- Assignment:
From the first line to the last, set down the material exactly and drop every picture.

- Exercise data:
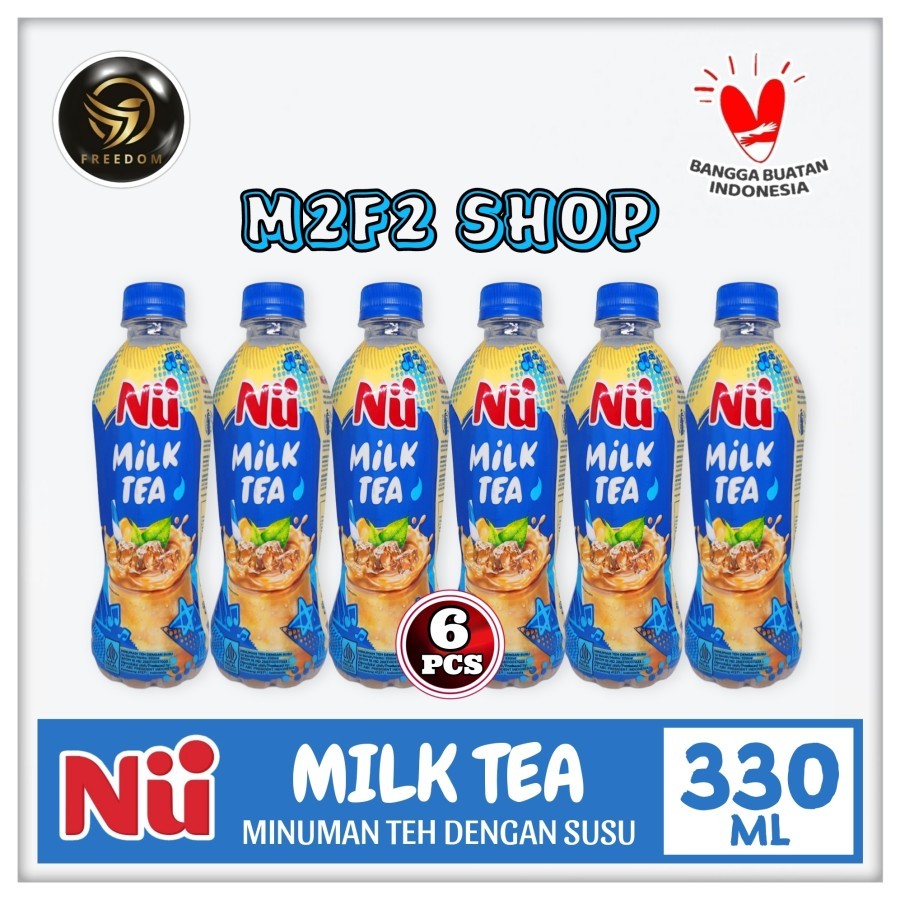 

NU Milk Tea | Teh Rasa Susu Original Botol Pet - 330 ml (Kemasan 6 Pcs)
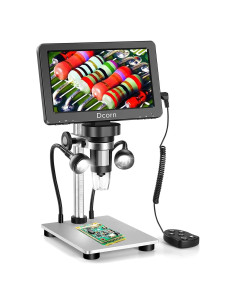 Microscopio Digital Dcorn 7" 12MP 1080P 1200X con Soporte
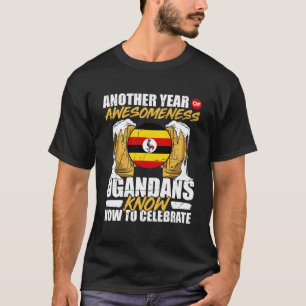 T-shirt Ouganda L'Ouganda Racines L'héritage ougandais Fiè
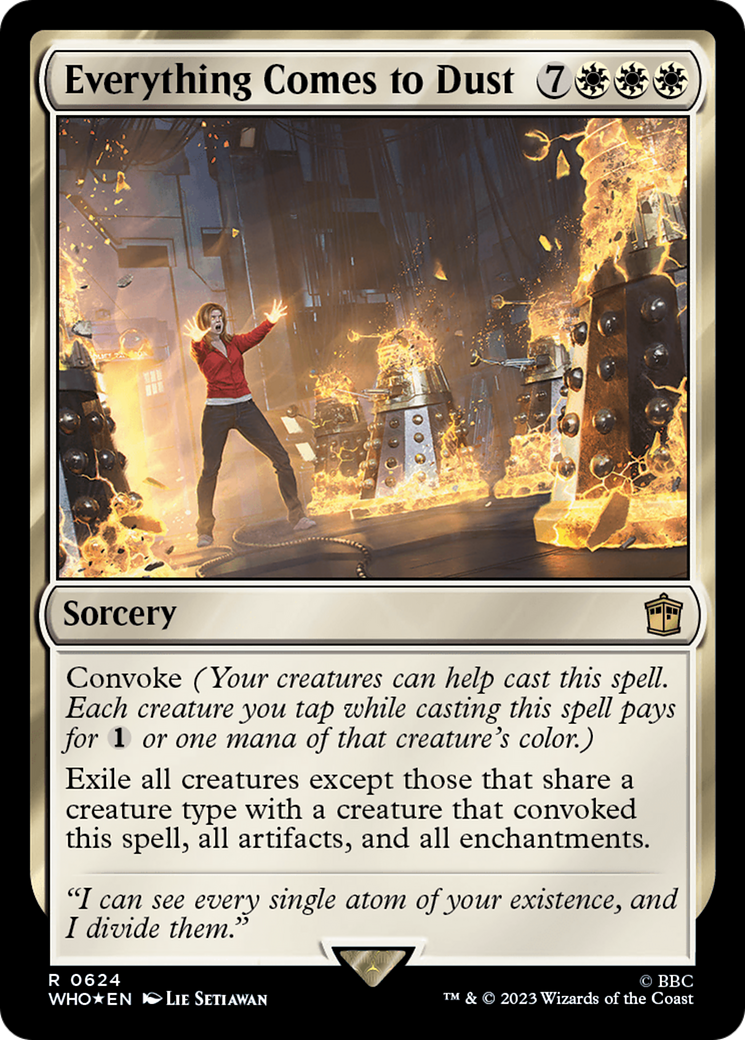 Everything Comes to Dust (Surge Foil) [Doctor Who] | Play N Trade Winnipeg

- Response below:
NU Milk Tea | Teh Rasa Susu Original Botol Pet - 330 ml (Kemasan 6 Pcs)
 Microscopio Digital Dcorn 7" 12MP 1080P 1200X con Soporte
 T-shirt Ouganda L'Ouganda Racines L'héritage ougandais Fiè
 Everything Comes to Dust (Surge Foil) [Doctor Who] | Play N Trade Winnipeg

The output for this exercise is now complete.